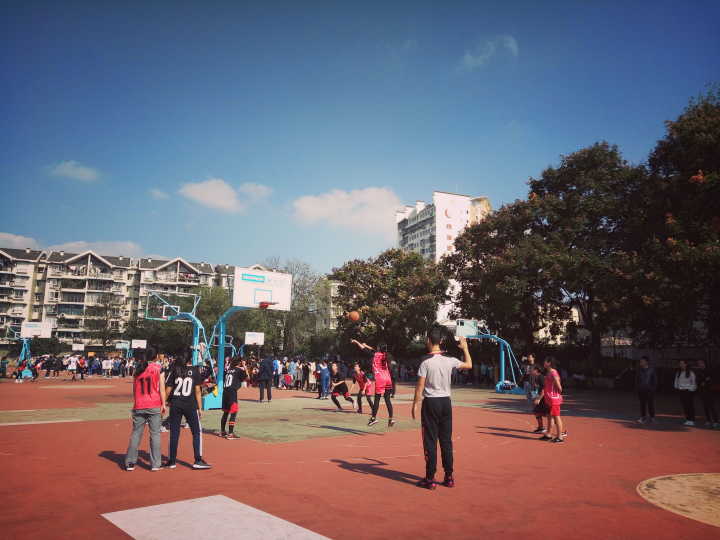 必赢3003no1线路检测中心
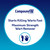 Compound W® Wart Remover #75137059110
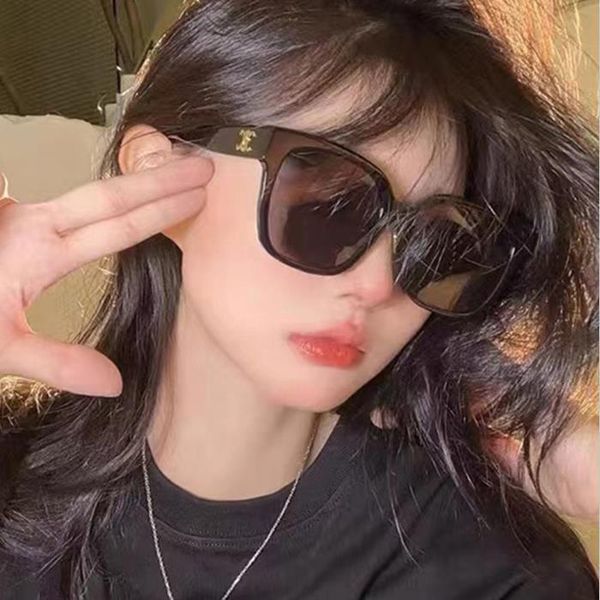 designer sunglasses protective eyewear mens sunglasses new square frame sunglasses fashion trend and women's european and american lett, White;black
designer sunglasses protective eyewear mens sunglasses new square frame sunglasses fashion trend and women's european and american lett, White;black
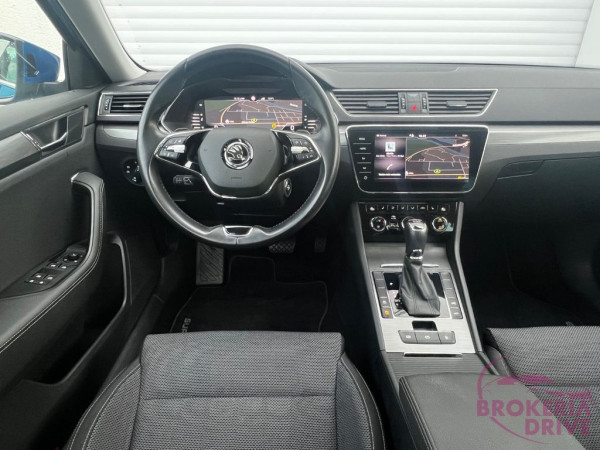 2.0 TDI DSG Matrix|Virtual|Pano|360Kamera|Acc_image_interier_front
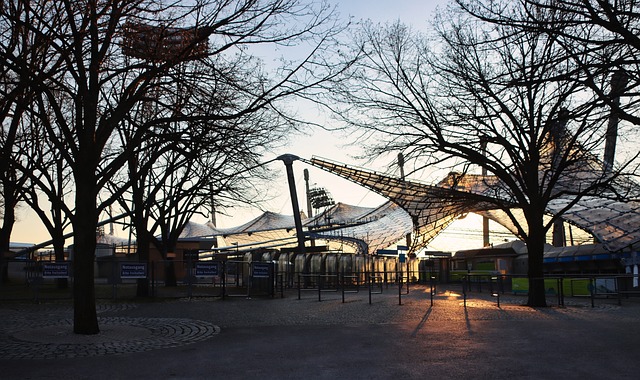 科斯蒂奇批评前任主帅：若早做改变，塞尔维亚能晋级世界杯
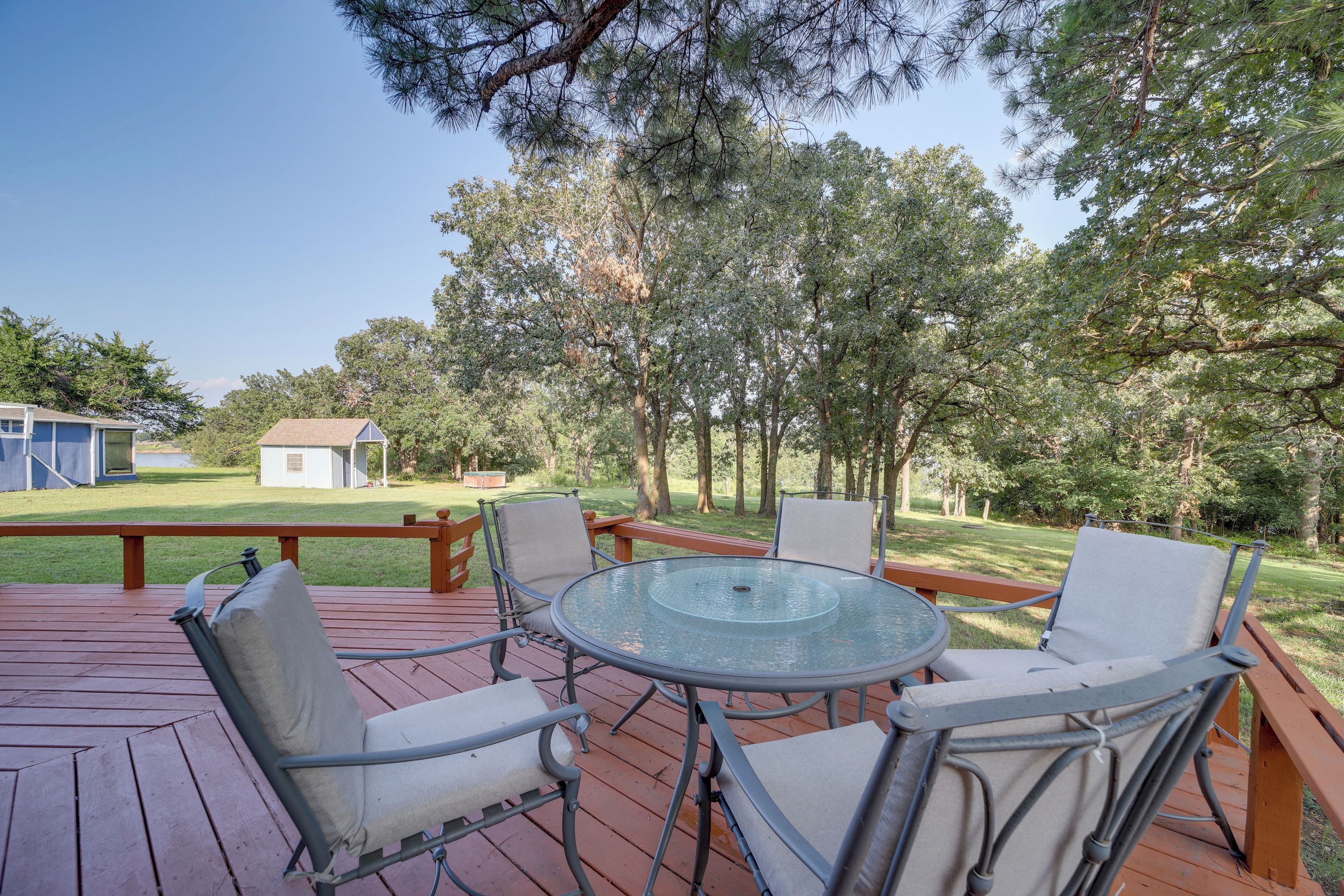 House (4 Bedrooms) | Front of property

* Task directions
The answer must be an exact transcription of the lines from the one holding "科斯蒂奇批评前任主帅：若早做改变，塞尔维亚能晋级世界杯" to the last line of the entries above, with no pictures and nothing else.

* Exercise result
 科斯蒂奇批评前任主帅：若早做改变，塞尔维亚能晋级世界杯
 House (4 Bedrooms) | Front of property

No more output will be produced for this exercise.